Depois de alguns corredores virados, e uma escada cumprida, a mulher parou em frente a uma porta grossa e pesada de maneira. Seu coração acelerou no peito quando duas iniciais brilharam em ouro.

— Entre. — Disse a mulher simplesmente. Isabella não se moveu, então foi empurrada e induzida a abrir a porta.

Seus dedos tremiam sem parar, porque diabos ela estava ali ? Não tinha palavras para descrever o que sentia, mas não era nada bom. Virou a maçaneta devagar, sendo sempre vigiada e monitorada pela mulher ao seu lado.

Quando o trinco fez barulho e a porta se abriu, Isabella perdeu o ar que ainda tinha em seus pulmões ao deparar-se com um quarto, grande, e muito luxuoso.
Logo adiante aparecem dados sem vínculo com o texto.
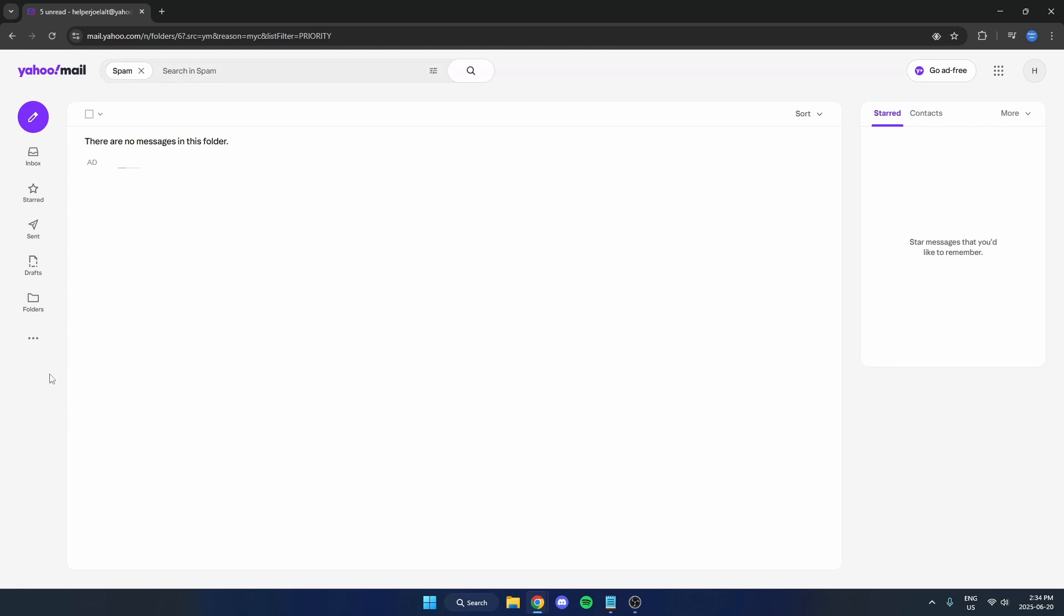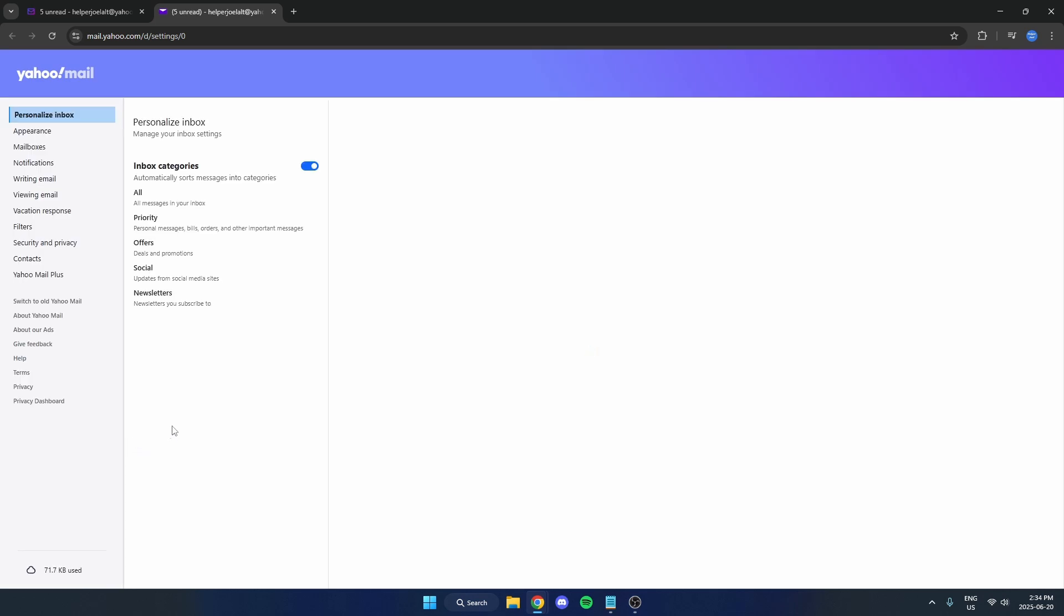If they're not there, the next thing we're going to do is click on the three dots on the left again and go to settings. On the left here, we're going to select filters.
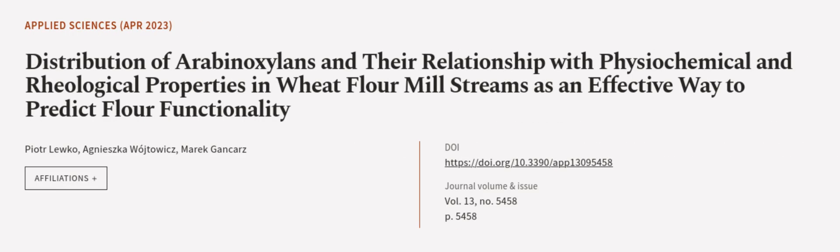This article was authored by Piotr Lukow, Agnieszka Wydrowicz, and Marek Gancarz. We are article.tv, links in the description below.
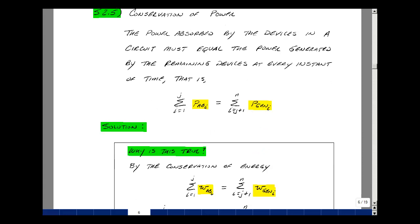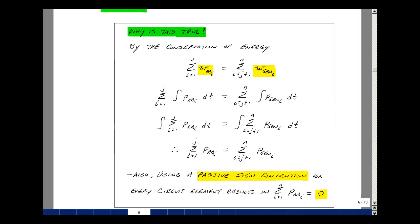Now why would that be true? In the course notes, we had the conservation of energy postulate, which said that if we had energy absorbed by the first j elements, it was equal to the summation of the energy generated by the remaining elements. Energy is related to power through an integral, so let's replace this by the integral of the power absorbed from elements i equals 1 to j, dt.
Ainda era dia, mas o comodo era iluminado por velas já que as janelas estavam devidamente fechadas.

— Fique a vontade.

Disse a mulher antes de sair, mal deu tempo de Isabella falar alguma coisa, ela já estava longe. Ainda confusa, adentrou o local até então desconhecido para ela. Estava tudo muito quieto, e bem arrumado. Também tinha uma cheiro bom.
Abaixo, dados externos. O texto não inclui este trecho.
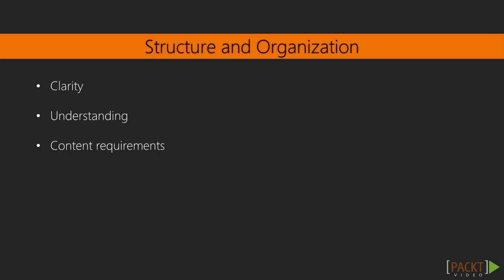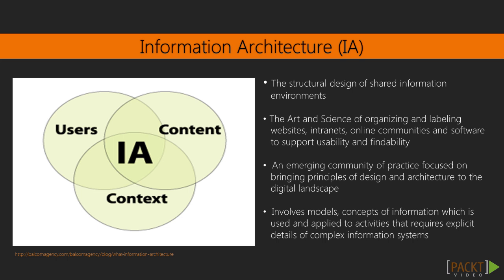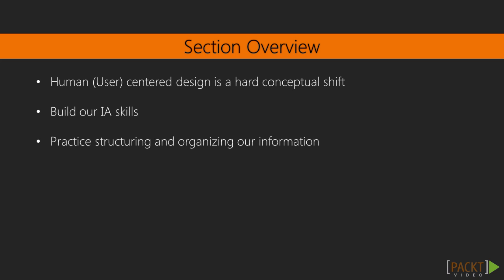Information architecture is the art and science of organizing and structuring websites. It can also be used in software to support usability and findability, and it typically involves a model or concept of information which is used and applied to activities that require explicit details of complex information systems.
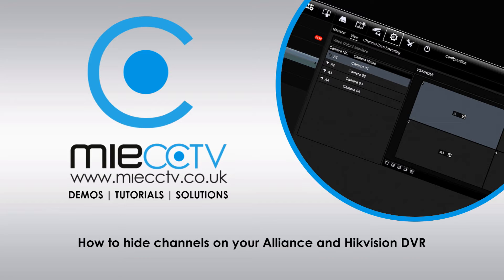Today we're going to be looking at how to mask one of your channels on your Alliance or Hikvision DVR so it can't be seen on your VGA or HDMI output from the DVR.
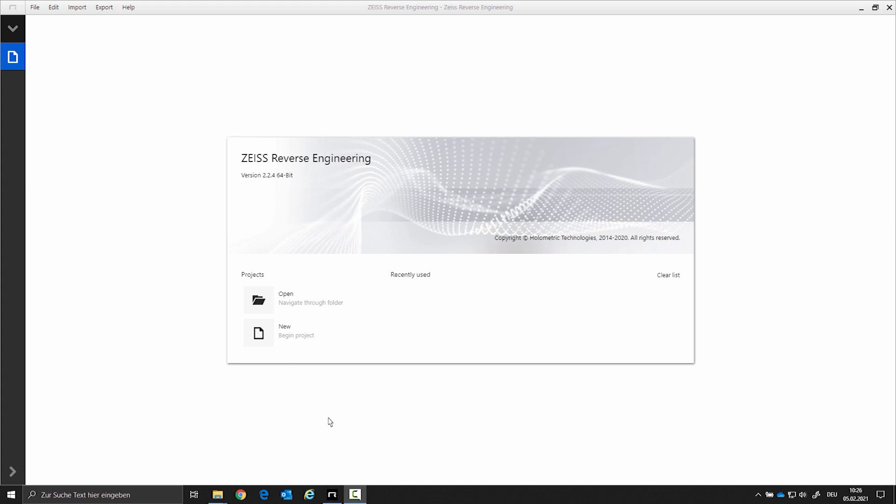Hello and welcome to the topic of reverse engineering with the Zeiss reverse engineering software. In this video we will explain reverse engineering with an example of an aperture. In the next video I will show you the process tool correction.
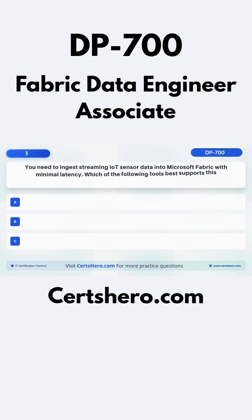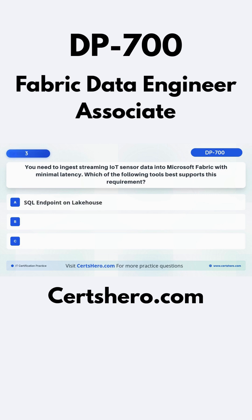Question 3. You need to ingest streaming IoT sensor data into Microsoft Fabric with minimal latency. Which of the following tools best supports this requirement? A: SQL endpoint on Lakehouse. B: KQL database with EventStream. C: Dataflow Gen2.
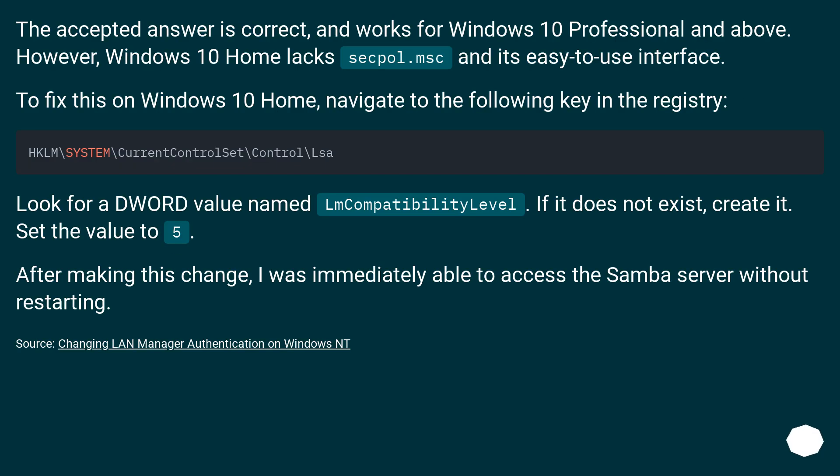The accepted answer is correct and works for Windows 10 Professional and above. However, Windows 10 Home lacks secpol.msc and its easy-to-use interface.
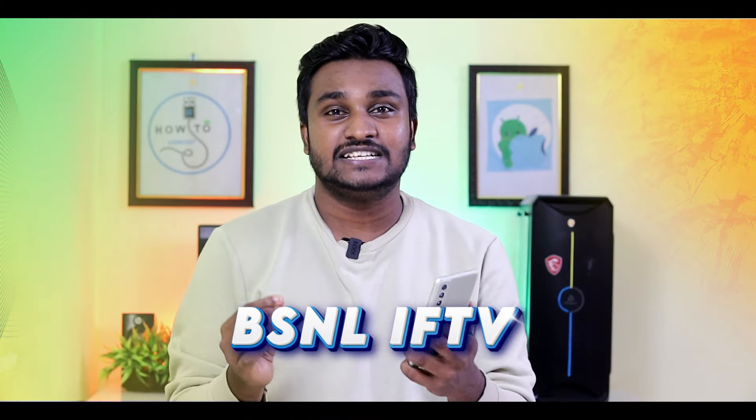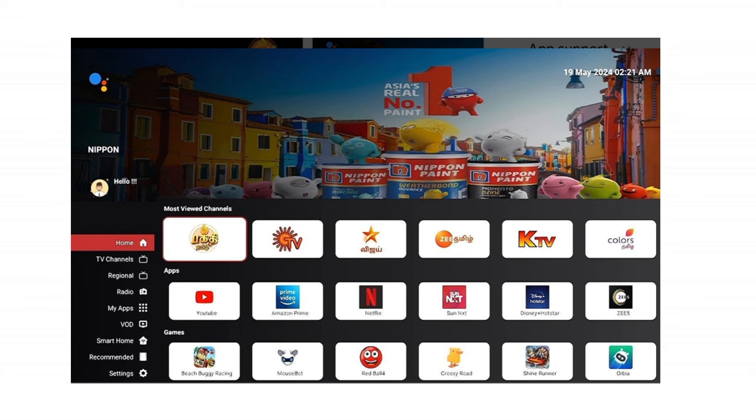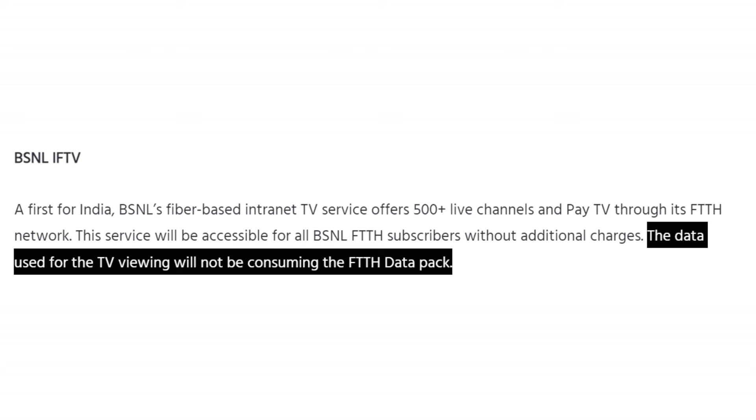The third service is BSNL IFTV. If you have a Fiber box, you can use it as a set-top box. The name is BSNL IFTV. There are 500 plus TV channels. If you already use BSNL Fiber Internet, you can subscribe to channels. Some channels are free and some are paid. You can consume data and use it within your tariff plan.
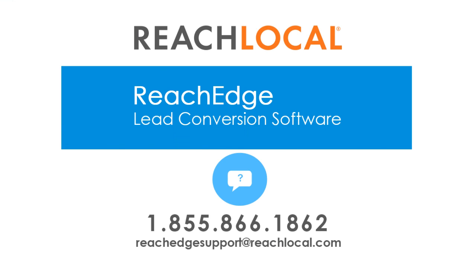If you have any additional questions on your ReachEdge marketing system or need to make a request, you can speak directly with a member of the ReachEdge support team by clicking on the blue help icon located at the bottom right corner of your screen. You can also call the ReachEdge support toll-free at 855-866-1862.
Caminhou até o meio do cômodo, olhando em volta, olhando cada detalhe pequeno. Caminhou até um móvel que tinha ao lado da cama, tinha várias coisas lá, mas apenas uma chamou sua atenção.

Era um anel, de rubi ao que parece. Era grande e tinha o selo do rei, logo o selo que ela se lembrou estar no bilhete que lhe foi mandando na noite passada. Arregalou os olhos assustada. Era dele, o quarto. Virou-se pronta para sair, com medo de ter invadido um cômodo que não lhe era permitido nem agora e nem em mil anos, mas parou no lugar com o que viu parado a sua frente.

Parado na porta, com a expressão desafiadora estava ninguém menos que o rei da Inglaterra. Ele trajava nada mais que uma camisa larga que aparecia seu peito largo e evidentemente musculoso. Isabella não pôde evitar descer seus olhos para os trajes que ele estava. Denunciava todo seu corpo bonito, e como ele era desejado por muitas, ela entendeu muito bem agora.

Engoliu em seco, não sábia o que fazer. Eram raras as vezes que ela conseguia calar-se por completo. E estar no quarto do rei, com o rei era concerteza uma delas.

— Vejo que nos encontramos outra vez. — Comentou Edward caminhando pelo quarto.

— Não por que eu quis. — Retrucou e pôs as mãos na boca rapidamente. O problema de não ter filtro, agora ela perderia a cabeça na frente de todo mundo.

Mas ao contrário do que ela pensou, ele não a degolou, ou se quer pensou sobre isso. Ele apenas riu.

— Creio que não. — Disse simplesmente ainda com graça. — Me surpreendeu ontem.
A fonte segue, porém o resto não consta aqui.